* Gold below 1-month high, adds 2 pct on week
* Dollar index sets fresh 8-1/2-month low
* Investment, physical demand lacklustre
(Updates throughout, changes dateline from SINGAPORE)
LONDON, Oct 25 (Reuters) - Gold retreated from a one-month peak on Friday, but was still set for a second week of gains on the view that sluggish U.S. data would persuade the Federal Reserve to keep its stimulus intact until well into 2014.
Spot gold eased 0.3 percent to $1,342.29 an ounce by 0959 GMT, but was still not too far from its highest since Sept. 20 at $1,351.61 hit on Thursday, when it benefited from weaker-than-expected U.S. jobless claims data. It was headed for a 2 percent gain on the week.
"We are certainly seeing some support this week, which is mainly due to external factors like the weakness of the dollar and dropping yields as the market tries to assess whether we will have tapering in coming months or not," Credit Suisse analyst Karim Cherif said.
"However, if you look at fundamental drivers, like investment and physical demand, that remains lacklustre, so we are seeing this as a temporary rebound before prices fall back again."
The dollar fell broadly, hitting its lowest in nearly nine months against a basket of currencies, while U.S. Treasury yields traded near three-month lows.
After 12 years of gains, gold has fallen nearly 20 percent this year on concerns the Fed would begin cutting back its easy-money policy by trimming its $85 billion monthly bond purchases, which have fuelled gold's appeal as a hedge against inflation.
The metal, however, has rallied 8 percent, or nearly $100 an ounce in less than two weeks as disappointing U.S. economic data and lingering budget uncertainties in Washington increased gold's safe-haven appeal.
"The recent trend in gold and its volatile reaction to the most recent economic release show the market is still heavily data-dependent for price direction," HSBC said in a note.
"While we are bullish on gold longer term, further gains may be difficult to achieve in the near term."
As a gauge of investor sentiment, holdings in the world's largest gold-backed exchange-traded fund, New York's SPDR Gold Shares, fell 0.2 percent or 1.8 tonnes on Thursday. An outflow of more than 10 tonnes was seen on Monday followed by an increase of 6 tonnes on Tuesday.
The gain in spot prices has further deterred physical demand in most Asian countries.
Premiums on the Shanghai Gold Exchange fell to multi-month lows of $2 an ounce on Friday. That compares to highs of $30 seen in April-May.
However, in India, premiums were at a record high of $120 an ounce as dealers struggled to meet festive demand amid tight supplies.
"In India ... the issues are still very much focused on supply limitations," UBS said.
"The sense is that premiums are elevated and are expected to rise further ... and the expectation is that they (stocks) are likely to run out completely around November."

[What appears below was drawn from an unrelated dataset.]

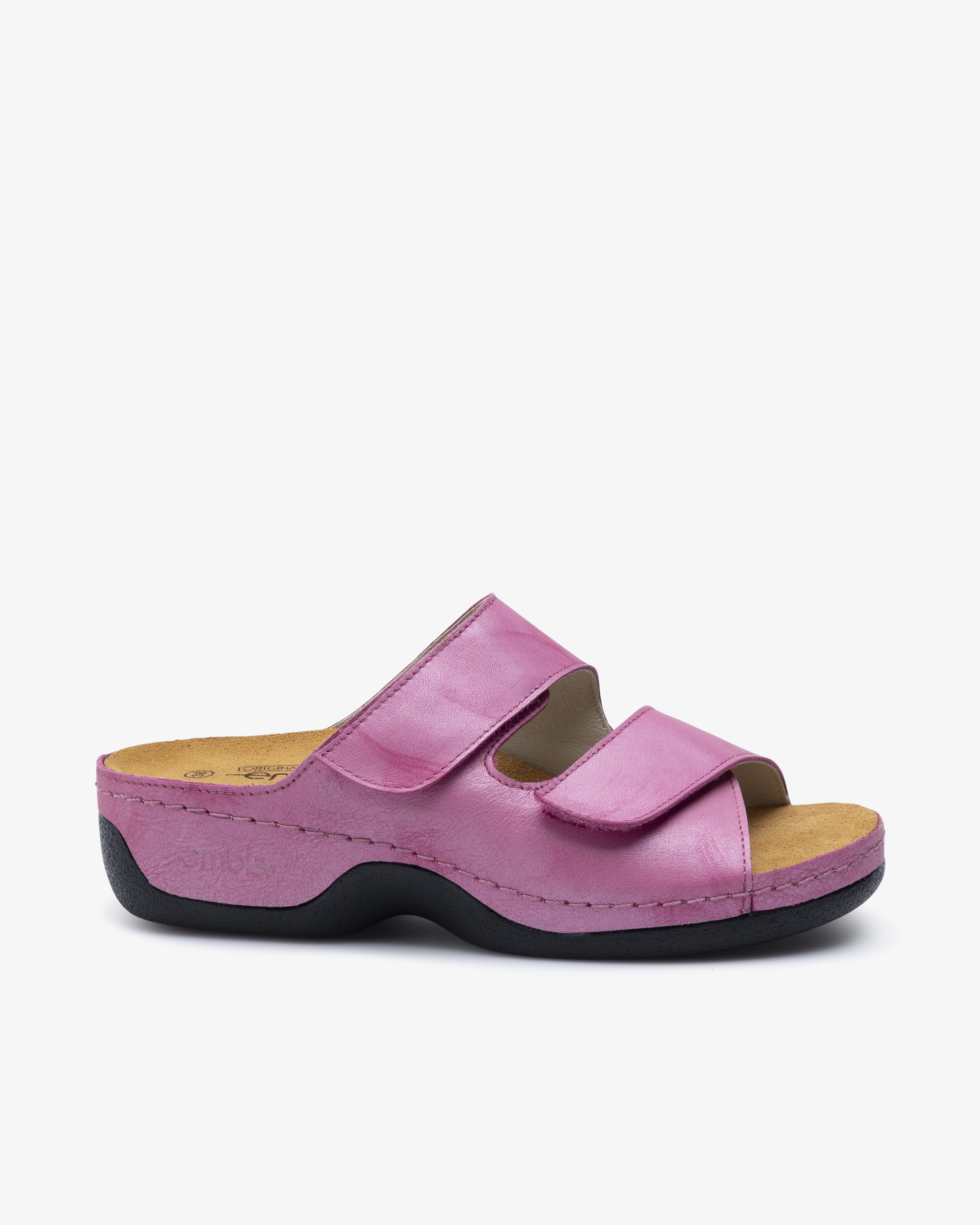 Embla 2050 Ergoflex Sandal Fuchsia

In other precious metals, silver fell 1 percent to $22.43 an ounce, having hit a one-month high of $22.85 in the previous session.
Spot platinum was down 0.4 percent at $1,439.47 an ounce, shrugging off news of a potential South African workers strike at the world's second-largest producer Impala Platinum after wage talks failed.
Spot palladium fell 0.8 percent to $738.72 an ounce.